Afinal, o senso comum diz que nada vem (nada pode vir) facilmente. Não há mérito em vitórias fáceis, não há mérito no que não exige de nós esforços sobre-humanos. Toda vitória há de ser sofrimento profundo, batalha épica, Grêmio e Peñarol – Renato Gaúcho que o diga.

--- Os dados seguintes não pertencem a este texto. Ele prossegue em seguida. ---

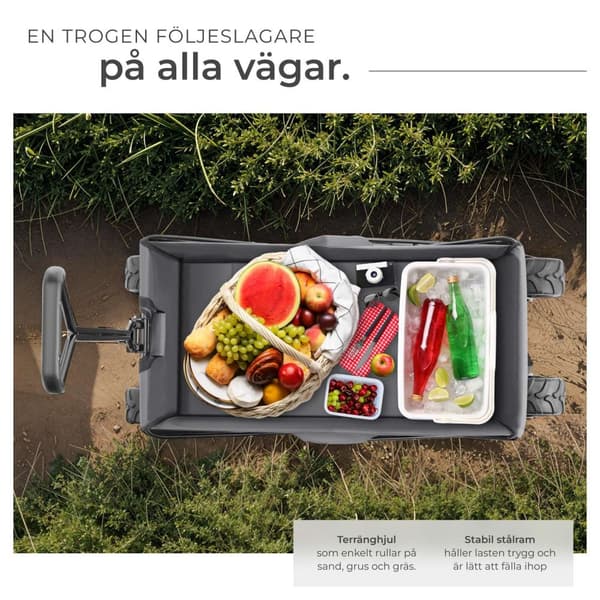 Hopfällbar skrinda med breda däck, lastvagn med kapacitet 80kg - grå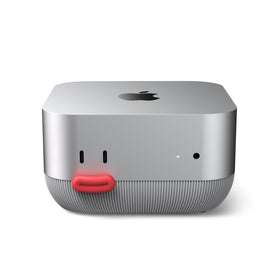 Lonelyfox Mac mini stand front button access enables quick power on without reaching behind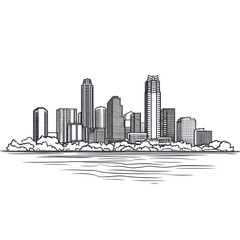 Cityscape Skyline Sketch Black and White Urban Architecture Modern Buildings Night View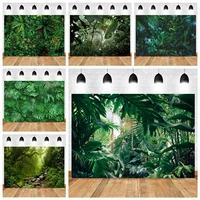 tropical jungle forest green leaf baby birthday photography background decoration family party photocall backdrop photo studio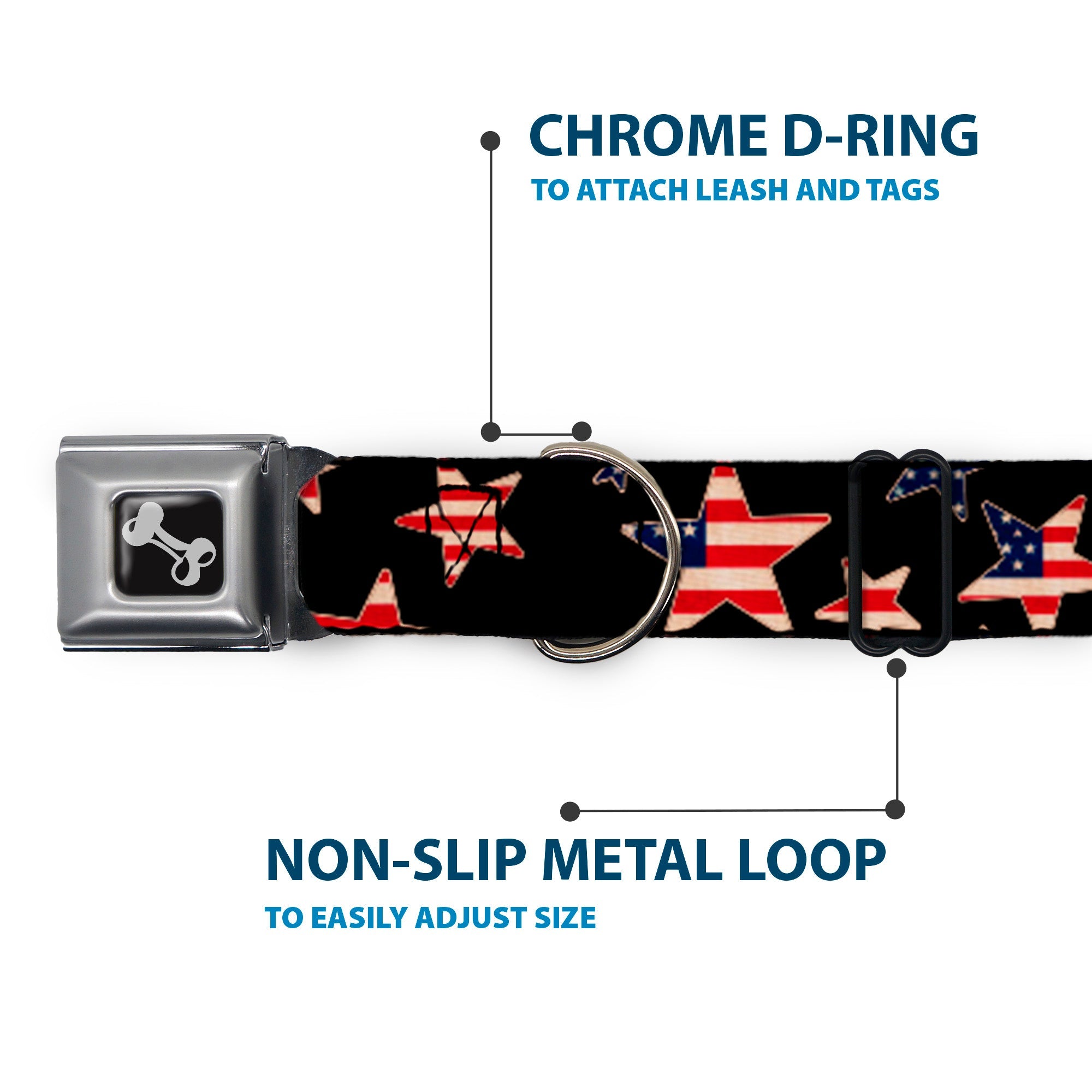 Dog Bone Seatbelt Buckle Collar - Americana Stars & Flags Black/Red/White/Blue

Vai ver é inconscientemente que transformamos os problemas mais simples em grandes dilemas definidores das nossas vidas. Não admitimos que os dragões sejam apenas moinhos de vento. Até os pequenos percalços do dia-a-dia se tornam jornadas épicas através da Terra-Média para salvar a raça humana. Isso pode até ser bom enquanto vencermos essas pequenas batalhas: vamos nos sentir como se tivéssemos acabado de derrotar o Boca em pleno La Bombonera, no último minuto, tomando porrada dos jogadores e sendo atingidos por objetos vindos da torcida. Cada pequena vitória, um título mundial.
O problema vai ser quando, de tanto sabotarmos nossas próprias “vitórias fáceis”, acabarmos perdendo. Difícil avaliar o tamanho da queda...

Admitamos logo: nem todo jogo de Libertadores é Peñarol e Grêmio. Pode ser um Fluminense e Nacional-COL completamente sem graça, apático, em mais um daqueles pequenos percalços do cotidiano, mais uma pequena batalha da vida diária, felizmente vencida.